Allí se encontraba igualmente la Universidad, que en la planta baja alojaba varios de estos comercios. Se distinguían por los grandes barriles con sus tapas, que guardaban las mieles que venían de tierra caliente. El sitio era muy adecuado, ya que por la acequia que pasaba enfrente llegaban las embarcaciones desde Chalco con el deleitoso producto.
Don José María Marroqui nos comenta que: ``en esos tiempos la miel fue abundante y barata, porque los medios de cristalizar el azúcar eran imperfectos y en la época virreinal era prohibida la fabricación de aguardiente de caña'' (sic). Esto no obstaba para que hubiera comerciantes deshonestos que la vendían ``sin peso, ni medida'' o le agregaban agua.
Por ello el Ayuntaminto acordó en cabildo, el 14 de febrero de 1530, que no se vendiera ``miel aguada ni a ojo'' y estableció costosas multas ``la pena al que contraviniere la disposición será de 15 pesos, distribuidos en tres partes: la una para la cámara real, la otra para las obras públicas de la ciudad y la tercera para el juez y el acusador''.
Al paso de los años, el azúcar le fue ganando terreno a la miel, que ahora sólo la consumen los que saben de sus extraordinarias propiedades nutricionales y bactericidas y los de muy buen gusto gastronómico, que la saben apreciar como el endulzante más fino. En esto se incluye la exquisita miel de maguey, que desafortunadamente ya casi no se produce, siendo que es uno de los alimentos más completos con el añadido de ser la única totalmente incristalizable.
En la actualidad la miel se continúa utilizando --en cierta medida-- en la dulcería de nuestro país, que increíblemente conserva recetas de la época prehispánica, como las que ahora llamamos ``alegrías'', alimento ceremonial entre los aztecas y golosina de todos los tiempos, que además es muy nutritiva.
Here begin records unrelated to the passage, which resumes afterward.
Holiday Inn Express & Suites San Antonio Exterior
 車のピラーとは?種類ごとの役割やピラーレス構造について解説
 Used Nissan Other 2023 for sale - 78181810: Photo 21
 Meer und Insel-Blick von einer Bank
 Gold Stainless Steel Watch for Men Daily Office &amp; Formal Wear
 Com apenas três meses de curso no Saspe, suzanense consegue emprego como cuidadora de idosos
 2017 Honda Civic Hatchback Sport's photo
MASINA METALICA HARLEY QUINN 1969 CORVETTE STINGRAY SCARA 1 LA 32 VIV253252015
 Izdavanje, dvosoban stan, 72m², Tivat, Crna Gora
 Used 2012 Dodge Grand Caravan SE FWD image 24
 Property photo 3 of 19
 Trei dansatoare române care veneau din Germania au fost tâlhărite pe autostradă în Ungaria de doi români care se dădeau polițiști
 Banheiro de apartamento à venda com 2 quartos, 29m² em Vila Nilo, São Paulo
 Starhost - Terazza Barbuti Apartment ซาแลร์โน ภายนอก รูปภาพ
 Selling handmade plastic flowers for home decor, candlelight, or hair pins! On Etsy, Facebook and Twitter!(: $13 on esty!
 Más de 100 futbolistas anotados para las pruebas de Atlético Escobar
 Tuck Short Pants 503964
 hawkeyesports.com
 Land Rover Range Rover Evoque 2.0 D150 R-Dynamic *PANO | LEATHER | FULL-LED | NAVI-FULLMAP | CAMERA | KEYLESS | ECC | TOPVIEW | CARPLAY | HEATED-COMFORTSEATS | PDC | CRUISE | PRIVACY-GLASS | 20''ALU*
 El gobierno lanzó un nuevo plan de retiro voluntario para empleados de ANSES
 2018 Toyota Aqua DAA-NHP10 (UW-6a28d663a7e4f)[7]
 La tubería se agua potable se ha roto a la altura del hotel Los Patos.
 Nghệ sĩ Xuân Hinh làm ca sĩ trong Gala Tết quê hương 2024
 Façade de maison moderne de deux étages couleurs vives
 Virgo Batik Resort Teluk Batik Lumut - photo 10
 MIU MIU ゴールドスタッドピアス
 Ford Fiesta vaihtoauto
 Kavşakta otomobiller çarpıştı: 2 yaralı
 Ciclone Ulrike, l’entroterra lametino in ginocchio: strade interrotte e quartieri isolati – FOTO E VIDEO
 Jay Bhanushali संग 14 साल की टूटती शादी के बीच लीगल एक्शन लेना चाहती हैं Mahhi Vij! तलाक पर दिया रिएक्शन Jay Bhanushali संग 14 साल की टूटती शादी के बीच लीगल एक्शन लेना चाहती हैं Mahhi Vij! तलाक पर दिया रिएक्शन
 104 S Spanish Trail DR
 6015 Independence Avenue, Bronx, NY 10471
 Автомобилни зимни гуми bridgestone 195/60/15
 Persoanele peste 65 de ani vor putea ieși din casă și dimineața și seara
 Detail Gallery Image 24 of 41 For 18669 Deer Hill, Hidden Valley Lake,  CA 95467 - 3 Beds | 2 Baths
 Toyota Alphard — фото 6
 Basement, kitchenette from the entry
Este y muchos otros confites de tradición se siguen vendiendo en la encantadora Dulcería de Celaya, fundada en 1874, que sigue en su mismo local decimonónico en la avenida 5 de Mayo, con su preciosa yesería rococó, vidrios biselados y finas maderas talladas, que sirven de marco a las suculentas dulzuras de nombres sugerentes: bocado real, picones de piña, glorias, turrón de nuez, jamoncillo de pepita, arlequines, bocadillo de coco, aleluyas de pistache, tortitas de Puebla, camotes, avellaninas, frutitas de almendra, ates, palanquetas, y desde luego diversas clases de mieles y sus exquisitas frutas cristalizadas que inclusive atemperan la melancolía.